The Nifty is likely to open in red with indicator SGX Nifty trading at 8457.50, down 24.50 percent.
On Monday, the 30-share BSE Sensex shed 338.70 points to 28119.40 while the 50-share NSE Nifty closed way below the 8500-mark, down 100.05 points. The broader markets dropped too; the BSE Midcap and Smallcap indices slipped 1.2 percent and 0.9 percent, respectively.
Asian equity markets joined Wall Street’s slump on Tuesday after oil markets resumed their downward spiral, pushing Shanghai and Japanese shares off multi-year highs.
US crude extended losses in the Asian trading session, hitting a new five-year low of USD 62.25 a barrel before paring losses. Overnight, prices tumbled 4 percent on the back of bearish forecasts, which saw the Dow post its biggest decline since October.
Calls for Chinese stimulus were in focus following Monday’s November export growth reading. Meanwhile, China’s Central Economic Work Conference kicks off later today, an annual meeting of policymakers that sets economic priorities for the coming year.

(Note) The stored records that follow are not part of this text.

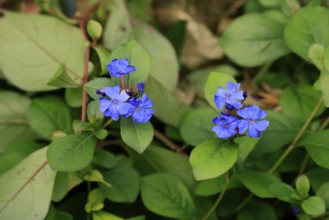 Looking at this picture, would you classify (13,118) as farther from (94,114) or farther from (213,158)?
(213,158)

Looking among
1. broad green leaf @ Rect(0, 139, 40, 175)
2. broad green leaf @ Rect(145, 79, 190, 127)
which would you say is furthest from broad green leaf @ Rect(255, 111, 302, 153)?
broad green leaf @ Rect(0, 139, 40, 175)

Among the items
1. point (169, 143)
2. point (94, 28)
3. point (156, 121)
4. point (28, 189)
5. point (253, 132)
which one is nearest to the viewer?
point (253, 132)

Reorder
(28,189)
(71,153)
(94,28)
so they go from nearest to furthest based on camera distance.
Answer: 1. (71,153)
2. (28,189)
3. (94,28)

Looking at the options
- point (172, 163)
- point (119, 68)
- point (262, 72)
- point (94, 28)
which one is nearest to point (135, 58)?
point (119, 68)

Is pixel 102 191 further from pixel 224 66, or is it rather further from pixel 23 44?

Hong Kong’s Hang Seng shed 0.80 percent or 191.29 points at 23,856.38. Japan’s Nikkei fell 0.35 percent or 63.34 points at 17,872.30.
South Korea’s Seoul Composite slipped 0.31 percent or 6.14 points at 1,972.81. Taiwan’s Taiwan Weighted was down 0.47 percent or 43.08 points at 9,144.21.
China’s Shanghai Composite declined 0.36 percent or 11 points at 3,009.26. Singapore’s Straits Times added 0.75 percent or 24.88 points at 3,322.72.
US stocks fell sharply with benchmark indices retreating from records and the energy sector slammed as the price of Nymex crude fell below USD 63 a barrel for the first time since July 2009.
In Europe, shares closed lower with construction stocks continuing to weigh heavily after Wall Street opened down. Meanwhile, shares of energy companies underperformed, as oil prices continued sliding. The commodity has lost around a third of its value since July. From precious metals space, gold prices rise over 1 percent to USD 1200 an ounce as dollar slips from a more than five-year high.
In the currency space, the yen held onto sizeable gains having staged a broad short-covering rally as a big drop in oil prices hit global risk appetite.